In this Help Net Security interview, Carl Froggett, CIO at Deep Instinct, discusses emerging trends in ransomware attacks, emphasizing the need for businesses to use advanced AI technologies, such as deep learning, for prevention rather than just detection and response.
He also talks about the shift in budget priorities in 2024 toward ransomware prevention technologies.
Recent data from Deep Instinct found that the total number of ransomware victims in 2023 increased significantly.
Amazingly, there were more victims of ransomware attacks in the first half of 2023 than in all of 2022.
This clearly indicates to me that what we currently have as an industry is failing and, once again, we need a shift to combat the evolving threat landscape.
The attacker techniques have changed; ransomware attacks are being carried out as large-scale campaigns, affecting a significant number of victims at once, such as what we saw this year with the Zimbra and MOVEit vulnerability attacks.
Thanks to the advanced capabilities of AI, we can now prevent ransomware and other cyber attacks rather than just detect and respond to them.
Responding is no longer good enough as the evidence shows, we need to go back to a prevention first philosophy, with prevention capabilities embedded at different points in infrastructure, storage and business applications using AI. This is the only way businesses can truly protect themselves from advanced forms of ransomware and threats, specifically by leveraging a more sophisticated form of AI to fight against AI threats - such as deep learning.
That's especially evident when you compare deep learning versus machine learning-based solutions.
Most cybersecurity tools leverage Machine Learning models that present several shortcomings to security teams when it comes to the prevention of threats.

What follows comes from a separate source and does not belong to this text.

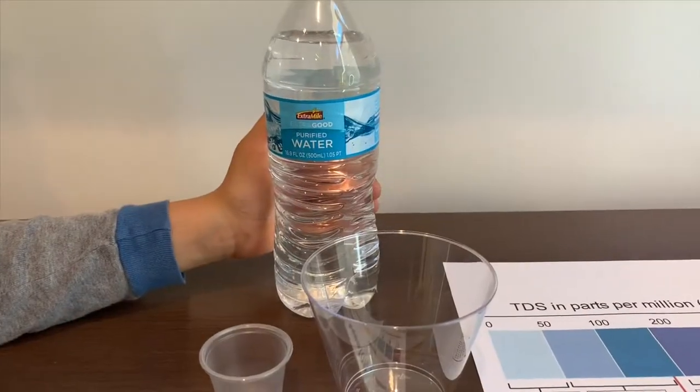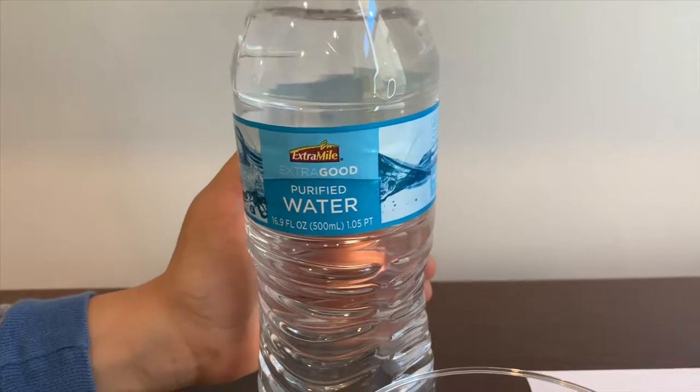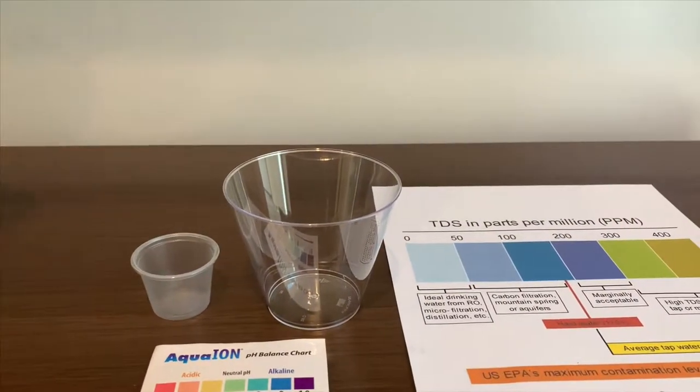This is Extra Mild purified water. It costs $1.29 and it's sold at Extra Mild stores. Let's test the TDS and pH levels. Let's pour some water in.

These offerings are trained on limited subsets of available data, offer just 50-70% accuracy with unknown threats, and introduce many false positives.
Because DL models understand the building blocks of malicious files, DL makes it possible to implement and deploy a predictive prevention-based security program - one that can predict future malicious behaviors, detecting and preventing unknown threats, ransomware, and zero-days.

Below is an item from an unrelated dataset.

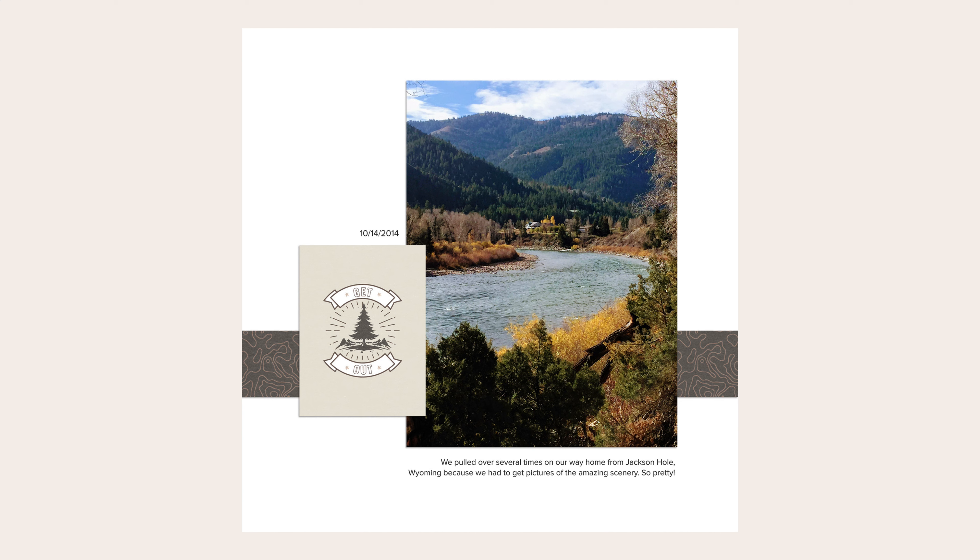Here's a page I created using one of the layouts from this set. I used that 'Get Out' card and one of my favorite papers — that geode print — just clipping it to the strip already in the template, and then a beautiful photo from just outside of Jackson Hole, Wyoming back in 2014. Sometimes all you need is a photo you love, a few notes about it, and maybe an embellishment or two with some paper or a card. I left the background plain white, and to me this really embodies what a clean or simple scrapbook page looks like.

Security operation center teams are inundated with alerts and potential security threats they need to investigate.
They produce extremely low false positive rates because they're very accurate, giving SOC teams back time to focus on real, actionable alerts and pinpoint threats faster, with greater efficiency.

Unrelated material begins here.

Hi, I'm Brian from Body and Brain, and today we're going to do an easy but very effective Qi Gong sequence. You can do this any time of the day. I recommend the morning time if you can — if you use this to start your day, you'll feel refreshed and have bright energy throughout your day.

By spending time on real threats, they can optimize their threat posture and engage in more proactive threat hunting which significantly improves the risk posture of their organization.
With 62% of the C-suite confirming ransomware was their number one concern this past year, we'll see businesses shifting their budgets in 2024 - investing in prevention technologies that stop ransomware, known and unknown threats, and other malware.
Clearly, given the evidence, this approach is failing rapidly year on year due to the threat landscape changing.
Security teams won't win the battle against AI with legacy tools; rather, organizations require cybersecurity solutions that are natively built with DL models to mitigate the volume and velocity of evolving AI threats.
In 2024, we'll see organizations make room in their budgets to integrate advanced AI technologies into their cybersecurity strategies to enhance security resilience and mitigate the likelihood of successful attacks.
In 2023, we saw AI burst onto the scene; 2024 will be the year AI becomes part of business planning, processes, and decision-making.